In addition, reducing the availability of breeding sites not only diminishes the emergence of adult mosquitoes but also compromises the oviposition cycle; overlooking this mechanism might lead to underestimation of environmental management of breeding habitats, especially when breeding sites are scant and mosquitoes have limited foraging abilities.25 The importance of the resource availability on population dynamics of mosquitoes and mosquito-borne diseases was evident in one field study, where significant differences in abundances of Culex tritaeniorhychus and the transmission intensity of Japanese encephalitis were attributed to the difference in the number of piggeries between 2 paddy areas.26 Therefore, incorporation of the interrelationship between resource-seeking activities and the availability of resources is important for evaluation of environmental management programs, which may significantly reduce the probability of locating a resource by foraging mosquitoes.25

MEASURING MOSQUITO PRODUCTIVITY

Controversial conclusions obtained by inconsistent measures of productivity place a major hurdle for comparison of observational data of habitat surveys. Although widely used, presence/absence or larval density are poor quantitative indicators because the relationship between larval populations and emergent adults is likely nonlinear.16,27,28 Use of larval density, for example, may be misleading because density-dependent processes operate on larval development and survival, and high densities of larval populations do not necessarily indicate greater productivity. Fundamentally, mosquito productivity should be measured at the level of individual habitats rather than by using relative measures, e.g., larval density/dip. The use of relative measures alone without accounting for the size of a habitat is inadequate for measuring productivity. Large habitats, for example, may produce more adults than small habitats, even if the former has a lower larval density. For example, a drastic reduction in surface areas of habitats resulted in an increase in larval density in natural puddles of rainwater in the sampling of Anopheles arabiensis.29

Ideally, mosquito productivity is measured by emergence sampling, which captures newly emerged adults by placing cages in breeding habitats.30 Given the difficulties associated with sampling emergent adults, we suggest that pupal productivity should be vigorously pursued in the field for measuring productivity. Pupal productivity has been extensively used in monitoring Ae. aegypti breeding in domestic containers in urban settings.14 Recently, Mutuku and colleagues10 illustrated the utilities of pupal sampling with area sampler and whole habitat census. Pupae are generally highly alerted and elusive to the standard dipping technique. In the absence of disturbance, however, pupae tend to stay still on the surface of the water for oxygen, rendering them amenable to direct counting. For small habitats such as hoofprints, ground depressions, and stone pools, census of anopheline pupae is applicable.10 It should be noted that pupal sampling might produce controversial results compared with larval sampling. For example, the stability of breeding habitats (assessed by the number of days that the habitat contained water) was a significant contributor to pupal productivity of An. gambiae, while an observation in the same region showed that permanence was not significantly related to larval presence.9 Given the advantages of pupal productivity, further investigations are warranted of the feasibility and reliability of pupal sampling in various situations, including considerations of costs and cost-effectiveness. Although pupal sampling is more labor-intensive, and probably more costly, the extra effort might have the reward of better estimation of the mosquito productivity, which plays the key role in our understanding of the mechanisms underlying the heterogeneity of mosquito production in different habitat types.

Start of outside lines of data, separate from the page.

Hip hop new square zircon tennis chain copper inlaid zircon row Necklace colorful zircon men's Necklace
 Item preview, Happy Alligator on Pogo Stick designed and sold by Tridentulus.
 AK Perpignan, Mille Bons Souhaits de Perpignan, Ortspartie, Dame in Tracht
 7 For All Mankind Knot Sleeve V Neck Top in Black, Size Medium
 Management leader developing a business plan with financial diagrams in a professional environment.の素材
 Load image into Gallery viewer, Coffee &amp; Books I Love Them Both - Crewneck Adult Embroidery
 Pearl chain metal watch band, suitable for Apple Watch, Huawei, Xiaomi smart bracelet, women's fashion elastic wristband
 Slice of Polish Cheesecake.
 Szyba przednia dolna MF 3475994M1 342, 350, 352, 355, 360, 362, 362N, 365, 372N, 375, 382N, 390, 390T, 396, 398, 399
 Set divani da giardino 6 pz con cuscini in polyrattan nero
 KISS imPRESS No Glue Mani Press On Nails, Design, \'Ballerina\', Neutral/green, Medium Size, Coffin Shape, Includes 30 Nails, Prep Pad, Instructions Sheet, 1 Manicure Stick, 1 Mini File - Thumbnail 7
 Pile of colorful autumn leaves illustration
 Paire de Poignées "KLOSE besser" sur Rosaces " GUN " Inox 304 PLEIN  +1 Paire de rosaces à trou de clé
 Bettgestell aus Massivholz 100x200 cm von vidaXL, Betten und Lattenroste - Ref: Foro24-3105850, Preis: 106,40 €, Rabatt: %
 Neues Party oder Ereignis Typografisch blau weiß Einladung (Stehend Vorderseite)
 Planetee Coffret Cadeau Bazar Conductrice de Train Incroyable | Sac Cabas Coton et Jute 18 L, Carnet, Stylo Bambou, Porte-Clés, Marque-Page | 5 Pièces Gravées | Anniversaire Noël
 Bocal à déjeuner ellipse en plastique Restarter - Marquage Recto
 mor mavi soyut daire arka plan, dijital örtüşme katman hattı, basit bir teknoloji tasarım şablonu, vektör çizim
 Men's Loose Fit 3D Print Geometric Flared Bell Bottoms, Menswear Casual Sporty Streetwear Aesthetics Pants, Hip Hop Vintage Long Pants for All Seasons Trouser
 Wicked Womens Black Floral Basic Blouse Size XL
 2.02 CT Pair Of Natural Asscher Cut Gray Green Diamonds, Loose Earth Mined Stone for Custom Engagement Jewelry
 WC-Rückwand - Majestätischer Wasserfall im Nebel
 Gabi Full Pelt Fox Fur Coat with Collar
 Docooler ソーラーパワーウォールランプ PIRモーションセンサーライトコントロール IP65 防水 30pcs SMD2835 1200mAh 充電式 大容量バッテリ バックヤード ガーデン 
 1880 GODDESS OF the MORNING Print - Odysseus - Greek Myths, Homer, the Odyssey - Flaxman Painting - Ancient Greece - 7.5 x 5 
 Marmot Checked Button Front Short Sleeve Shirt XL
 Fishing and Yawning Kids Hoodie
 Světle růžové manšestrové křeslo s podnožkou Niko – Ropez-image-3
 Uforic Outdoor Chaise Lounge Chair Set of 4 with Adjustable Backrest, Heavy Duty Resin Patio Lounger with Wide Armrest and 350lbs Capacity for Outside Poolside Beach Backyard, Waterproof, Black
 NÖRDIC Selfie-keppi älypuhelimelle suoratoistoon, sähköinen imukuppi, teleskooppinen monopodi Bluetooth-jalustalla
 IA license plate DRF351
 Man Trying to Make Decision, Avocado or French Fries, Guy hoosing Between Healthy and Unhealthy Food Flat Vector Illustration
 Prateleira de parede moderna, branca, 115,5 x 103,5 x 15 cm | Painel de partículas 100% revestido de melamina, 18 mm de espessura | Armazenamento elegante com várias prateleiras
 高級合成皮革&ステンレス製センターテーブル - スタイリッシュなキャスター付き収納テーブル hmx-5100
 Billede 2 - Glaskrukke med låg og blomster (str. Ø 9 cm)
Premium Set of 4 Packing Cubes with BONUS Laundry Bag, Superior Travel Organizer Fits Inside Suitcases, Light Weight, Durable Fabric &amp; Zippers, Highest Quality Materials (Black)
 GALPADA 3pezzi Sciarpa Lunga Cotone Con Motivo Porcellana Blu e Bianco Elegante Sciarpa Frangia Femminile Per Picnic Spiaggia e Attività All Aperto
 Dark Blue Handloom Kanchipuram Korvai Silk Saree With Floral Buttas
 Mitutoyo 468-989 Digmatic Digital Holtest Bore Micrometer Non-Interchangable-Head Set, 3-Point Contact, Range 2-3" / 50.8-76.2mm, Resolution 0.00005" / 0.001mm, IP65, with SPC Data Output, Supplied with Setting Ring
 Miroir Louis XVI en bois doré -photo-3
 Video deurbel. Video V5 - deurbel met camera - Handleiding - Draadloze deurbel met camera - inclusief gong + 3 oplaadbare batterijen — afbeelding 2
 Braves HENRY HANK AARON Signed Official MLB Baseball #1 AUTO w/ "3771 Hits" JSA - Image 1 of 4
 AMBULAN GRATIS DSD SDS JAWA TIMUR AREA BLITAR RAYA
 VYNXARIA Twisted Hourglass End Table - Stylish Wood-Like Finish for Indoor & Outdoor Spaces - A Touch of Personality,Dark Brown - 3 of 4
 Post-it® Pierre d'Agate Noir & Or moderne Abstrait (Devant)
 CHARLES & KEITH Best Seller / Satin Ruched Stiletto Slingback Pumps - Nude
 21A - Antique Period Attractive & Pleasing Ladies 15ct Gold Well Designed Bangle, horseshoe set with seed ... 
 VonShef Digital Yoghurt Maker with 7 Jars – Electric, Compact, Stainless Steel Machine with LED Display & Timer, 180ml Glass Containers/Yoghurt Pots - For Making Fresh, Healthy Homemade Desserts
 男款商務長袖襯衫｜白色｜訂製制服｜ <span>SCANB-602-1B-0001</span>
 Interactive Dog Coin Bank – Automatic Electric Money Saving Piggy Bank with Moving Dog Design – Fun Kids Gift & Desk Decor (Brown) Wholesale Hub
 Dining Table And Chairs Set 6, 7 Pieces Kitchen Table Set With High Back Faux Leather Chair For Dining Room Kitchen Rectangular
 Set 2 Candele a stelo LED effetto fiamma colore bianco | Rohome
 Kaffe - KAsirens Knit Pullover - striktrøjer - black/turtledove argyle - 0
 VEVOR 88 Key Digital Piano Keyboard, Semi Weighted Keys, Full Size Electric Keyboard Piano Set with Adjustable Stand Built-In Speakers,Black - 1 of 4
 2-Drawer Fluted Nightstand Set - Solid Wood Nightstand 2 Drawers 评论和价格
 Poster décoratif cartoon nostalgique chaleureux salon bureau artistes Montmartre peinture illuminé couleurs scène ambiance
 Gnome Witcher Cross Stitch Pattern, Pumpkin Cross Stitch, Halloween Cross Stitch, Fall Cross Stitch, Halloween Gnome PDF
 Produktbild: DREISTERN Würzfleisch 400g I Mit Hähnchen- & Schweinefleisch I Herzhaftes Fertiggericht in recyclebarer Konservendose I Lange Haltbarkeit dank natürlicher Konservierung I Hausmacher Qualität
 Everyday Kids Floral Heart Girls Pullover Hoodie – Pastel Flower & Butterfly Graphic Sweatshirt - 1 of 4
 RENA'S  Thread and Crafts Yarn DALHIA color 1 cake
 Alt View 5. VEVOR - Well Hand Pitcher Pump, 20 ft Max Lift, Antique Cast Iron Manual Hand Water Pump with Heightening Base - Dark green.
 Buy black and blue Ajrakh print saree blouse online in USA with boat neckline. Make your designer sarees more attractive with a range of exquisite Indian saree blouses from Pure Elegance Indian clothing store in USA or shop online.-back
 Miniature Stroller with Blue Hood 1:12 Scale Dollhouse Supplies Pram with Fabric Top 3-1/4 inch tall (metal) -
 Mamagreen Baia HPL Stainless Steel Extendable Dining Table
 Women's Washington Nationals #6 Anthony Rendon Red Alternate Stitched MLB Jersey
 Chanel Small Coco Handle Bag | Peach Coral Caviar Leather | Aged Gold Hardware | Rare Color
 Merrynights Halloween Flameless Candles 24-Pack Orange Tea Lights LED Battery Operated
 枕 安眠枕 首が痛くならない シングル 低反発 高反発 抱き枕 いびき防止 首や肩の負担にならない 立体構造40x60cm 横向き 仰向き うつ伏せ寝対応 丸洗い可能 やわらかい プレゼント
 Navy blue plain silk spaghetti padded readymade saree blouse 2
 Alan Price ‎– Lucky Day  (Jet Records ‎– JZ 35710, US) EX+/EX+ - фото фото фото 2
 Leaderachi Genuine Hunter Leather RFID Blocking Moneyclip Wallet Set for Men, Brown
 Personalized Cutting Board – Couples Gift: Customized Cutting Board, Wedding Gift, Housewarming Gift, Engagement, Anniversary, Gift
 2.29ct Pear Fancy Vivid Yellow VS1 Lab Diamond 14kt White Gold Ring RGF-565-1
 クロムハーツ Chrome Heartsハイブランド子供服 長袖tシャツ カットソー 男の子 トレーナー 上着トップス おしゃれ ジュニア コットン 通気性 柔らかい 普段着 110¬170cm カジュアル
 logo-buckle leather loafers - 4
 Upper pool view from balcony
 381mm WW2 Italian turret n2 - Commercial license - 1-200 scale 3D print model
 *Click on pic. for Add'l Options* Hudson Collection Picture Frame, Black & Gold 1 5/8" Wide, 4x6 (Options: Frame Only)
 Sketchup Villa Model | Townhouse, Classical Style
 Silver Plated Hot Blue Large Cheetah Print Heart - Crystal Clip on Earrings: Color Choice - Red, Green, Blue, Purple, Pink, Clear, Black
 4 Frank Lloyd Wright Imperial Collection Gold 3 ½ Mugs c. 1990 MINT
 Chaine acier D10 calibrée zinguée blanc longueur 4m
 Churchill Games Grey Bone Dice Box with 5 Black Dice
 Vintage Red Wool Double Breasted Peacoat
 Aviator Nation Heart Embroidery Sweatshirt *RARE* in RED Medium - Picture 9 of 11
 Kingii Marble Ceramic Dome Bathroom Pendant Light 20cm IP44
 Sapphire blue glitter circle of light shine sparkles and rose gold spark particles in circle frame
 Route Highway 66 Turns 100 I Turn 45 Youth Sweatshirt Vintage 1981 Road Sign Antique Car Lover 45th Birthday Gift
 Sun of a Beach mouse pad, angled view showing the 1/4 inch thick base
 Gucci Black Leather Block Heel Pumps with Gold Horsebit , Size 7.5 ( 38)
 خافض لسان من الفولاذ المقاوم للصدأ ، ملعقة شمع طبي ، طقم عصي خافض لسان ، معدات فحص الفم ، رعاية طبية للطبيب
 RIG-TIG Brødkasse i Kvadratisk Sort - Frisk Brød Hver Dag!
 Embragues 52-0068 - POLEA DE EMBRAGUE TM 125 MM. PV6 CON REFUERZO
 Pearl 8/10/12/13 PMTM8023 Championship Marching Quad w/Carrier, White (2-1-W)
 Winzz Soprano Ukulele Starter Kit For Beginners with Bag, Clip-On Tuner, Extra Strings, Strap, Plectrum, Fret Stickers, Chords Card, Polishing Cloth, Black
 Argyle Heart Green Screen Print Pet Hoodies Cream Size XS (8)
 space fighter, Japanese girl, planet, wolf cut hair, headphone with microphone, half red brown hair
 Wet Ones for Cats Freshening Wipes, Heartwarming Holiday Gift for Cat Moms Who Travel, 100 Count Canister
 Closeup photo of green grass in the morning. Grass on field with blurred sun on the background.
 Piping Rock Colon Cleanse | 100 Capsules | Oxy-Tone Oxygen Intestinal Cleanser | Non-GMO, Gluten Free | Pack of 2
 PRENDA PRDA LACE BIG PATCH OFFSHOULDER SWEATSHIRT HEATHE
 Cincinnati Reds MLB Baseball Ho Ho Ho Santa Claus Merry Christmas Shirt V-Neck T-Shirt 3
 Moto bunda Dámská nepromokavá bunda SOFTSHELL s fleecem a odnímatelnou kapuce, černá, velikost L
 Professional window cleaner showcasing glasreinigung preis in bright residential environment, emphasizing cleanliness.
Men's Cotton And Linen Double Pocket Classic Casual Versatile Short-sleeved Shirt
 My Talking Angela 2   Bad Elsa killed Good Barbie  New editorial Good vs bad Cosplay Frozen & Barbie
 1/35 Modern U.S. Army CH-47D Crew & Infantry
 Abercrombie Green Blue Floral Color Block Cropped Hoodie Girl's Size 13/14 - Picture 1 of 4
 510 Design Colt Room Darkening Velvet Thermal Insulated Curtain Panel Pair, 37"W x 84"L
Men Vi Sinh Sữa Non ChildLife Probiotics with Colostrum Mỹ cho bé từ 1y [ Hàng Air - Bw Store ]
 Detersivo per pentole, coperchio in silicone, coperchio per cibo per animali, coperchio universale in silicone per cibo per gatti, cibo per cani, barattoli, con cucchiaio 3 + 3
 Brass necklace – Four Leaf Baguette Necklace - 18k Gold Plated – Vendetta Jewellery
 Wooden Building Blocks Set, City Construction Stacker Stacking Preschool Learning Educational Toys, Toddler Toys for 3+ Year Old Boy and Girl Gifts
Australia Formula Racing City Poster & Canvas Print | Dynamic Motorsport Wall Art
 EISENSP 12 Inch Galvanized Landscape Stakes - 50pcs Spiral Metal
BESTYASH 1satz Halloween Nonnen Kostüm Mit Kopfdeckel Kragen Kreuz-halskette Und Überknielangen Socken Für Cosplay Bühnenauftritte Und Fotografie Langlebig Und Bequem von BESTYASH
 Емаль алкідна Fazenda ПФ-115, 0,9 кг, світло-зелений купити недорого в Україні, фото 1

PROPOSED LANDSCAPE APPROACH

The landscape approach we propose entails two considerations. First, besides intrinsic variables of aquatic habitats, analyses of patterns of mosquito productivity require a proper account of the location of the focal habitat in relation to blood-meal sources. Conventional statistical analyses of field samples often focus on habitat variables themselves. We suggest that a landscape approach should be used to analyze spatial correlation between blood-meal sources and breeding habitats because the proximity of breeding sites to human residence or animal shelters might indicate the availability to ovipositing mosquitoes. An. gambiae may be absent in habitats located far away from human habitations, even if the habitats are otherwise desirable. For this purpose, simple measures, e.g., distance to the nearest house,31 can be added as a habitat covariate in statistical analyses of mosquito productivity. Furthermore, measures of spatial connectivity32 can be developed to model the spatial relationship between the focal habitat and multiple sources of blood meals. Many studies have applied bivariate analyses to separately examine statistical relationships between measures of productivity and habitat covariates, but important interactions between covariates are overlooked. Conventional ANOVA is inappropriate to simultaneously deal with independent variables of both categorical (e.g., habitat type) and continuous variables (e.g., vegetation coverage and distance to the nearest house), which requires multivariate analyses, such as covariance analysis, ANCOVA.

Second, habitat-based interventions emphasize the link between foraging behaviors of egg-laying mosquitoes and the availability of breeding sites in evaluation of environmental management programs. Empirical data are lacking for characterizing the interrelationship between the ovipositional cycle and the availability of resources. Foraging mosquitoes are usually presumed to have perfect knowledge about the distribution and free accessibility to these resources—the so-called “ideal free distribution.”3336 Nevertheless, empirical studies indicate that anopheline mosquitoes have limited perceptual range for host seeking.37,38 Therefore, availability of resources is more likely locally defined rather than on a larger scale.25 Fine-grained and spatially explicit models are needed to refine characterization of resource seeking to predict the impact of habitat-based interventions.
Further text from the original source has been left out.